Help your “girls” out for best results. ; )
- Have the mock up waist line sit on the body waist line.
Rest of the circumferences don’t have to match up perfectly.
They will be dealt with during fitting.
- Be mindful of the back lacing gap when lacing in!
Lace the mock up with the back lacing gap that the pattern is drafted for.
Make sure sides are parallel!
- Keep a neutral relaxed stance when fitting.
No bending, extending or arm lifting!
Figure 2 : Ready for fitting a corset
(Using free pattern LOLITA)
After assessing the mock up closely, as well as marking and taking note of all fit problems that it has, it’s time to start applying potential solutions.
Since the mock up is made in such a way that all seam lines and seam allowances are accessible, we focus all of the fitting changes on the seam lines.
For consistent results, keep as organized as possible, working on ONE problem area at a time!
MOCK UP IS TOO LARGE
If the mock up can fully (or more than it should) be closed in the back but it’s has been drafted to fit with a specific back lacing gap… the overall size is simply too large. We can still get use from this mock up.
- Measure the mock up back lacing gap, if there is any.
- Calculate the difference between the mock up back gap and intended back gap.
- Spread the difference between all seams (excluding center front).
- Sew new seam lines on the mock up. Yes, over waist tape too.

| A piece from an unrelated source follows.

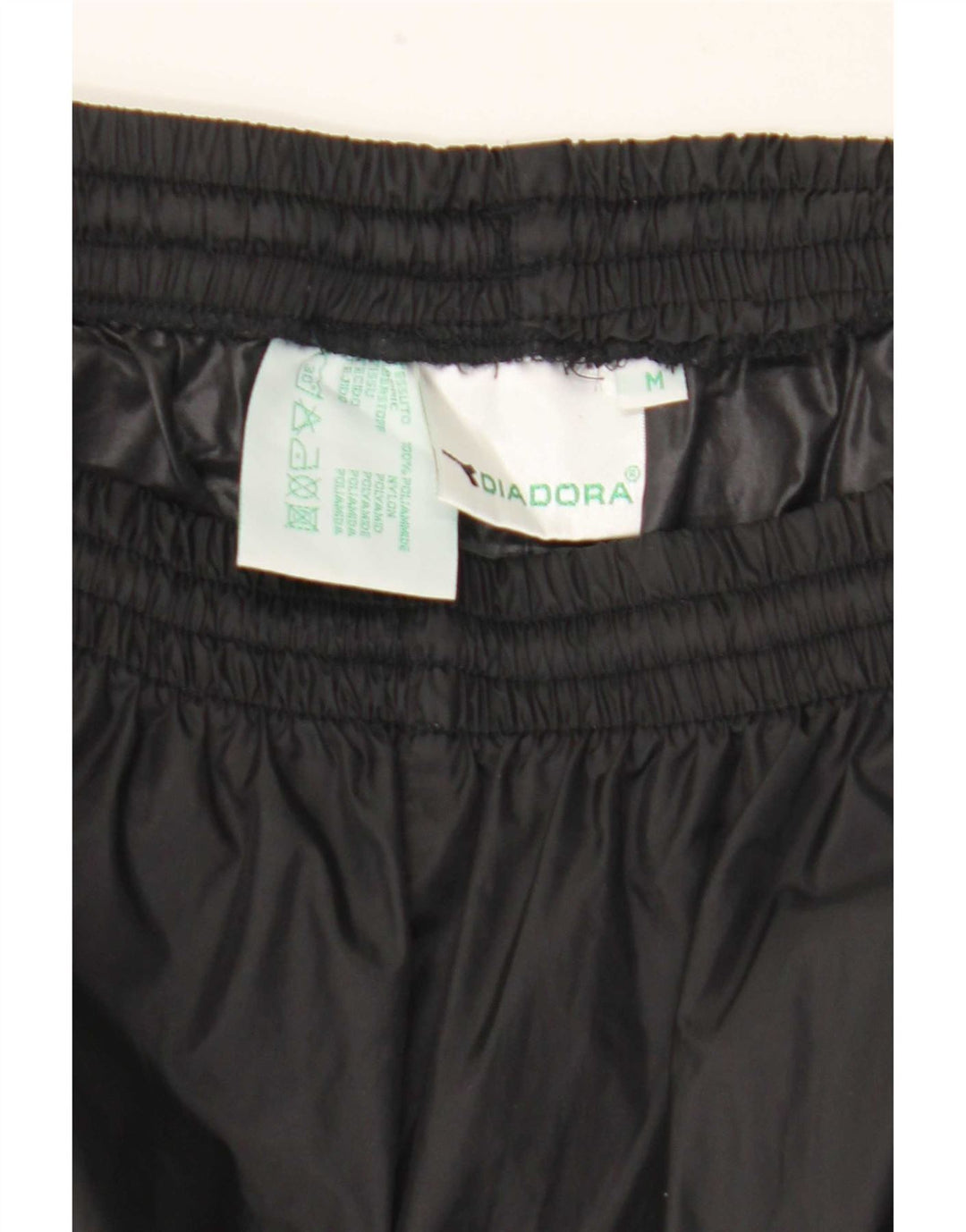 Calça impermeável masculina Diadora média preta poliamida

- Try it on and analyze the fit again before going forward.
MOCK UP IS TOO SMALL
If the mock up can’t be comfortably laced with the drafted for back lacing gap (or lack of it), the overall size of the mock up is too small.
- Measure the worn back lacing gap.
- Calculate the difference between the mock up and drafted lacing gap.
- Divide the difference between all seam lines (excluding center front seam).
- Remove the waist tape.
- Sew new seam lines.
- Rip apart old seam lines.
- Sew on a new length of waist tape.
- Try it on and analyze the fit again before going forward.
In the rare case of not having enough seam allowance width to sew new seam lines to enlarge the mock up size, a completely
new mock up should be made.
Use the difference between back lacing gap of the mock up and pattern as a guide when deciding how many sizes to go up.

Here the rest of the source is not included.